I read to Ethan from the time he was a babe in arms. Good Night Moon & Pat the Bunny still make me nostalgic. Reading made me feel like I was really doing ‘something’ for my baby who I was told was at such a deficit. I did not know all the reasons it was so good for him – I just knew that it was. I could see his little eyes searching my face and watch his body settle deeply into his baby seat at the sounds and cadence of my voice. I had heard that reading to babies was important – so that’s what I did.
I was fortunate to come across Jim Trelease’s The Read-Aloud Handbook early in my parenting journey. This book is an excellent explanation as to what reading aloud to children can give them – from better vocabularies to how it can develop and deep and sustained love for books and reading. I’ve seen it. This book is chock full of statistics and technical information about reading out loud as well as practical suggestions about how to read and how NOT to read to children, great book lists and how to navigate the library. I have learned many of my ‘reading’ behaviors from this book.
Reading to the boys makes me sit down – with them. In so many things, they have become competent and independent. When I read to them, we settle down somewhere and carve out a time that is just for us. There is not ‘right way’ or ‘wrong way’, no struggling to figure something out or debating or discussing….just reading. Sweet.
Sharing a story with several or one of my boys is a great relationship builder. I love when they pipe up and ask something about our story when we are not, in fact, reading at that moment. What do I think the character is thinking or what do I think might happen next. While I am making lunch, they are mulling over our latest adventure. A shared book gives us something to talk about. When I am reading the same book to several of them – they have something to talk about with each other. I could recount so many great events surrounding reading out loud – like when they told they had been outside playing Watership Down. Wonderful.

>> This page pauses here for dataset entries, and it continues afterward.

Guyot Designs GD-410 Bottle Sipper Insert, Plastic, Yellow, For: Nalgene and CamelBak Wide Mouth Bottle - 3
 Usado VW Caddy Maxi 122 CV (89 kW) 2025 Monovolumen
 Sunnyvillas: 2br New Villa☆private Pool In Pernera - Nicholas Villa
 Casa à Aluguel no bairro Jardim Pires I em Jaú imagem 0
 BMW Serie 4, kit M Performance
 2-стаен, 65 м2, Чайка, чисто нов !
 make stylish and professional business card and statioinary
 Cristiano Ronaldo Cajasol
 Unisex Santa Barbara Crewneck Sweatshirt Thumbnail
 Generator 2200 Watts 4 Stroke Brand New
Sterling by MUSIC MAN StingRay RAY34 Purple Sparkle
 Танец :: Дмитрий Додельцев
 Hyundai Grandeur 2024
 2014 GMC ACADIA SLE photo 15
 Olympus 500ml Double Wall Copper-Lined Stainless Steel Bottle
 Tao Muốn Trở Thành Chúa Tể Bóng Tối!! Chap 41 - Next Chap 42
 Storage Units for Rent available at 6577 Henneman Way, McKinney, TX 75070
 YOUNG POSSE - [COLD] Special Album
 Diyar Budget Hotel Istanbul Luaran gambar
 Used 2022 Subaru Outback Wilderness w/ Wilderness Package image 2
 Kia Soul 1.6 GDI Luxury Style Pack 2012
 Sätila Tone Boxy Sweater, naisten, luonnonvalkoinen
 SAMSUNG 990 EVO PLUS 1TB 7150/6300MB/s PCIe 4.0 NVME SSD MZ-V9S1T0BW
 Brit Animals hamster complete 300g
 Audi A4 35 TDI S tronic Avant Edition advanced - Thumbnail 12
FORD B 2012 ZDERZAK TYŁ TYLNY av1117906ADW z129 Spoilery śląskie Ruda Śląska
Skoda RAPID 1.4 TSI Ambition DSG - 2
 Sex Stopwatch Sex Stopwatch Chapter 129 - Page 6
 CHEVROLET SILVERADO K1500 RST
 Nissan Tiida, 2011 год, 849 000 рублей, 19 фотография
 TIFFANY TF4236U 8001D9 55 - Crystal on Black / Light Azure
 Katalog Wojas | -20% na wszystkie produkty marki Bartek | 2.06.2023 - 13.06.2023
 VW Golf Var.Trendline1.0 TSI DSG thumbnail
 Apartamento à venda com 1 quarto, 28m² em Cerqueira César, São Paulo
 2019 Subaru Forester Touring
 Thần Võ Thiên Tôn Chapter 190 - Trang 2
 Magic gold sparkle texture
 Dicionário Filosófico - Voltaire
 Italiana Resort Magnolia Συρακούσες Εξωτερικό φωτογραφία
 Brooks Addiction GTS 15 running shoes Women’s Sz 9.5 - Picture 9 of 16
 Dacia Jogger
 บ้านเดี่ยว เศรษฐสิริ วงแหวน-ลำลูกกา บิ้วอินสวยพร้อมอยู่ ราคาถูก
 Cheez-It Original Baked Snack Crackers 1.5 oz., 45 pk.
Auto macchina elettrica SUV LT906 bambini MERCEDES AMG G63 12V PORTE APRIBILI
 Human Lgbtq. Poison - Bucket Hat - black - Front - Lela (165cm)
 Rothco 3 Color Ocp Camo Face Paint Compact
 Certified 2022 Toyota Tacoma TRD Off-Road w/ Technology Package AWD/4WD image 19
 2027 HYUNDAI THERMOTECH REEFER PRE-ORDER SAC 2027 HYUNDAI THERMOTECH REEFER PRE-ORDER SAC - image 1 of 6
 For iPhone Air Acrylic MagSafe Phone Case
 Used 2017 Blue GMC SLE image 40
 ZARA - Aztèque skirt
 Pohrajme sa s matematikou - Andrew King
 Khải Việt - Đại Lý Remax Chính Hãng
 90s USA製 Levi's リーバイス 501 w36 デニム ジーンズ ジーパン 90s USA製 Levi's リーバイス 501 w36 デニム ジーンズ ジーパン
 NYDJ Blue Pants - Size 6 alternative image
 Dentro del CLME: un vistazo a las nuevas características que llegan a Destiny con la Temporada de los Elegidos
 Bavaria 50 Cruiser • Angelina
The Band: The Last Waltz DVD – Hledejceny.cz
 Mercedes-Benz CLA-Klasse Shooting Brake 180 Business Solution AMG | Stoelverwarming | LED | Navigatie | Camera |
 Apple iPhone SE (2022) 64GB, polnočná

I protect the books we read together by never associating anything negative to them – they will never have to write a report about them and I don’t ‘make’ them answer any questions about them or require anything other than cozy listening 🙂 I only read when they are ready and willing – but that is almost anytime I ask. They always have to opportunity to ‘veto’ a book, but rarely have. I am certain that they are eager listeners because Jim Trelease gave me such good advice.
I have read epic novels and short chapter books, compendiums of short stories, and thousands of quality picture books (thank goodness for people who make EXCELLENT lists). Sometimes we read through ‘authors’ at a time – like when we read all the Roald Dahl books or series like Little House on the Prairie (they never thought they were ‘girl’ books) and The Boxcar Children. Right now, I am reading them LOTS of Bruce Coville in preparation to meet him at the Princeton Children’s Book Festival in September.
Life gets busy. But I hold onto reading to my children like a religious practice (I’m not sure that it isn’t). Recently, when I sat down to read to Gavin, I realized I had been really hard on him several hours before. Without the ‘stillness’ that came with our time to read, I don’t know if I would have felt it. Before I read to him, I had a chance to make an apology – a connection. I will continue to read to him during his teen years – I have a gut feeling that the ties that bind us to a book are going to be really important ties.
“Instead of educating the I.Q., we need to educate the H.Q., the heart quotient, the matters of truth, love, justice, and compassion. There are two ways to do this. One is through the real life experiences and the other is through literature. Literature has the power to take us outside ourselves and returns to ourselves a changed self.”